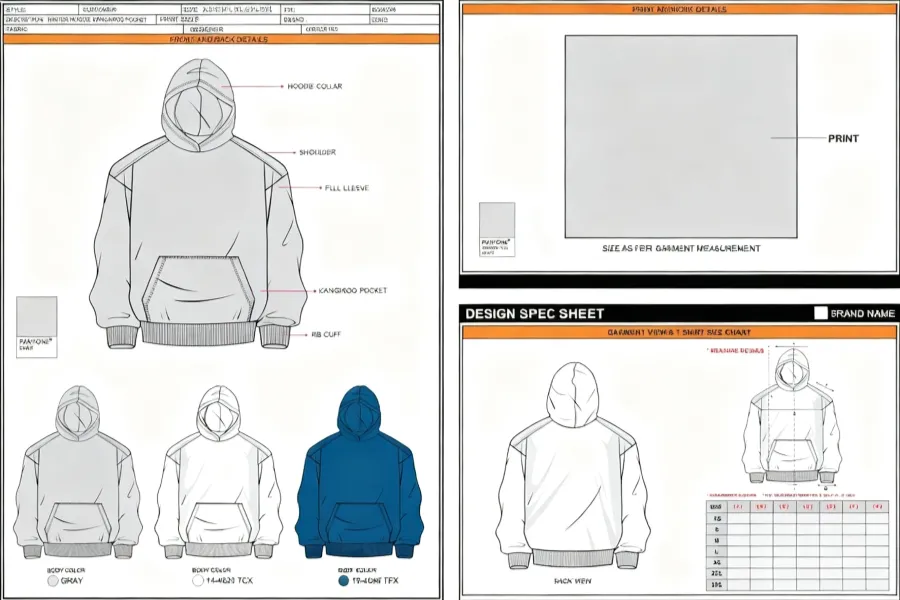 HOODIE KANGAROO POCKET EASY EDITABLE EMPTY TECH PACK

==

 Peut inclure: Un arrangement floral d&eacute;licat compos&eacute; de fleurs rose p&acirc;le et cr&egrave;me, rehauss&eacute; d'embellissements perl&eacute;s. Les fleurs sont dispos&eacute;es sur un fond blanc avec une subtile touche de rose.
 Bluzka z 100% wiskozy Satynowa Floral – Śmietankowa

■ Work order
Starting with the line that holds "Peut inclure: Un" and ending with the line that holds "Bluzka z 100%", retype every line in the data above exactly, and nothing else.

■ Response to this exercise
 Peut inclure: Un arrangement floral d&eacute;licat compos&eacute; de fleurs rose p&acirc;le et cr&egrave;me, rehauss&eacute; d'embellissements perl&eacute;s. Les fleurs sont dispos&eacute;es sur un fond blanc avec une subtile touche de rose.
 Bluzka z 100% wiskozy Satynowa Floral – Śmietankowa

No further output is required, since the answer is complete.